Question

chap 4.7 imaginary numbers day 1
simplify the following.

1. $i^5 = $
2. $i^7 = $
3. $i^{12} = $
4. $i^{15} = $
5. $i^{19} = $
6. $i^{17} = $
7. $i^{23} = $
8. $i^{24} = $
9. $i^{53} = $
10. $i^{56} = $
11. $i^{79} = $
12. $i^{85} = $
13. $i^{66} = $
14. $i^{92} = $
15. $i^{94} = $
16. $i^{105} = $
17. $i^{59} = $
18. $i^{20} = $
19. $i^{11} = $

Explanation:

To solve these problems, we use the properties of the imaginary unit \( i \), where \( i = \sqrt{-1} \), \( i^2 = -1 \), \( i^3 = -i \), \( i^4 = 1 \), and the powers of \( i \) repeat every 4. So we can simplify \( i^n \) by finding \( n \mod 4 \).

1. \( i^5 \)

Step 1: Find the remainder of 5 divided by 4

\( 5 \div 4 = 1 \) with a remainder of \( 1 \), so \( 5 \mod 4 = 1 \).

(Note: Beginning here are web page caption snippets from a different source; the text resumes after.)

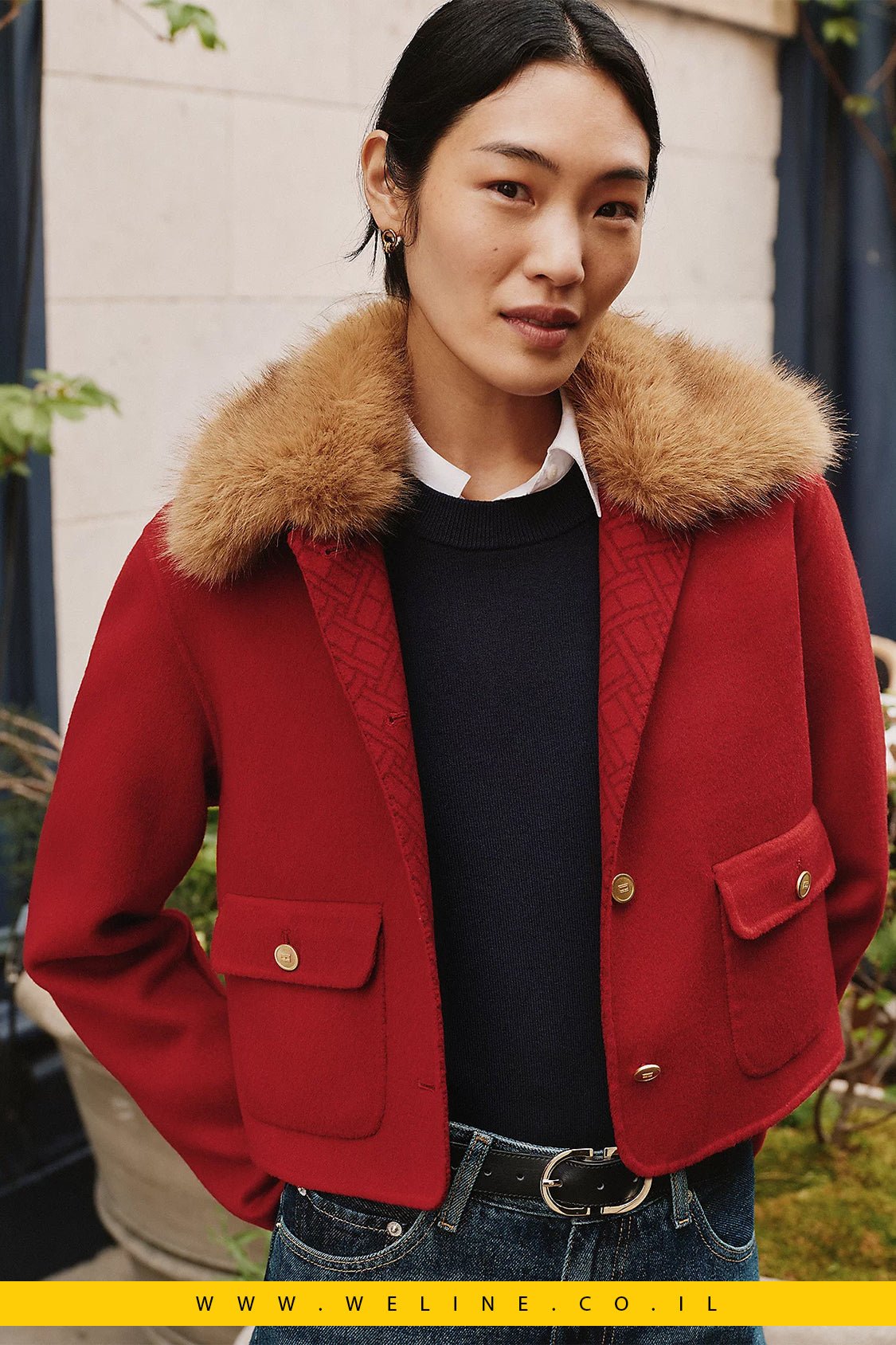 ז'קט נשים Tommy Hilfiger Faux Fur Collar Wool Blend - WELINE.CO.IL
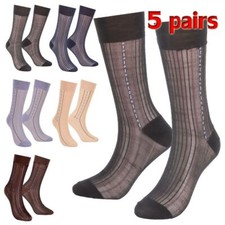 5 Pairs Men Nylon Dress Socks Long Silk Ultra Thin Sheer Business Work Mesh 7-11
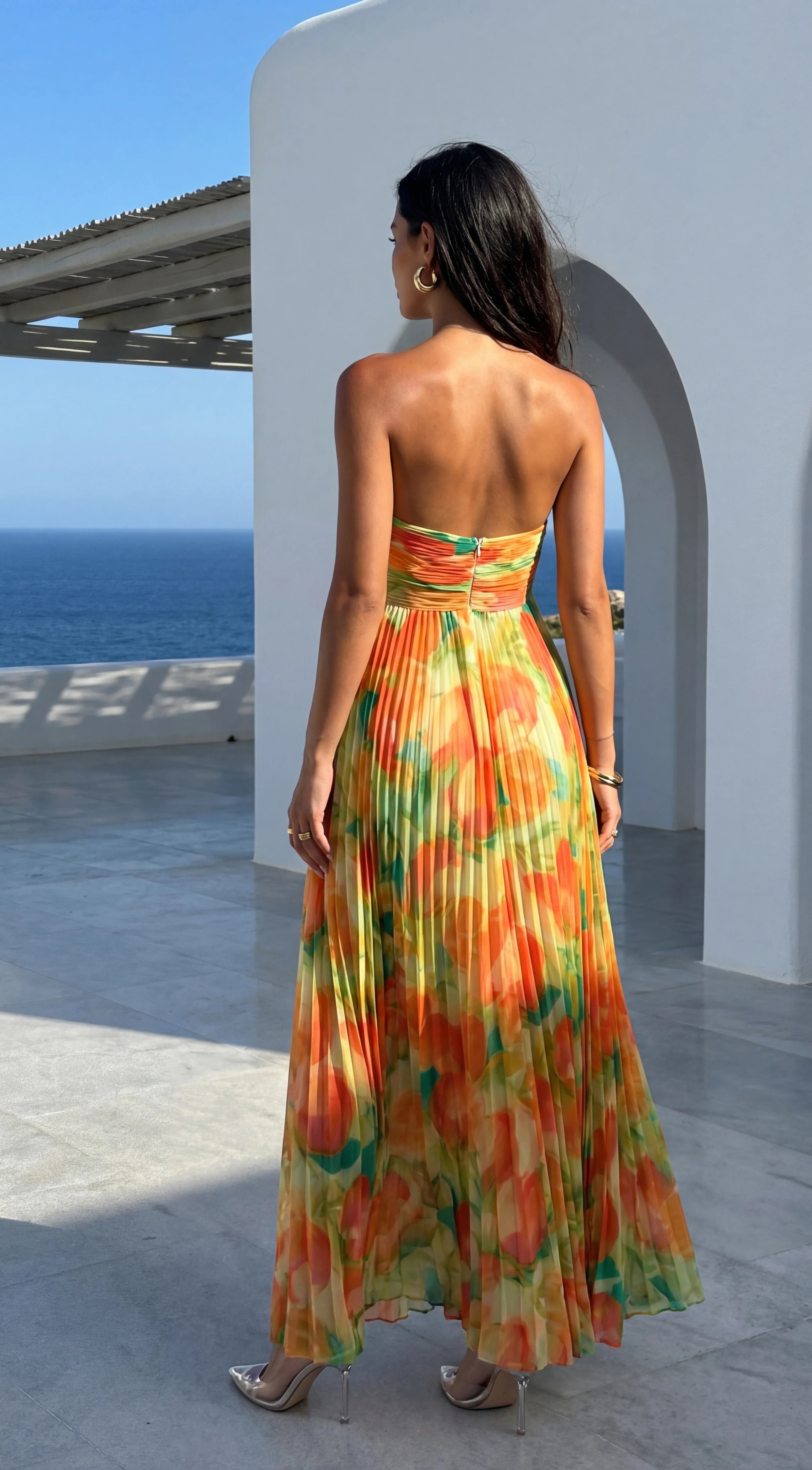 Nayira Floral Pleated Strapless Maxi Dress Orange Multi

Step 2: Simplify \( i^5 \)

Since \( i^5 = i^{4 + 1} = i^4 \cdot i^1 \), and \( i^4 = 1 \), we have \( i^5 = 1 \cdot i = i \).

Answer:

\( i \)

2. \( i^7 \)

Step 1: Find the remainder of 7 divided by 4

\( 7 \div 4 = 1 \) with a remainder of \( 3 \), so \( 7 \mod 4 = 3 \).

Step 2: Simplify \( i^7 \)

Since \( i^7 = i^{4 + 3} = i^4 \cdot i^3 \), and \( i^4 = 1 \), \( i^3 = -i \), we have \( i^7 = 1 \cdot (-i) = -i \).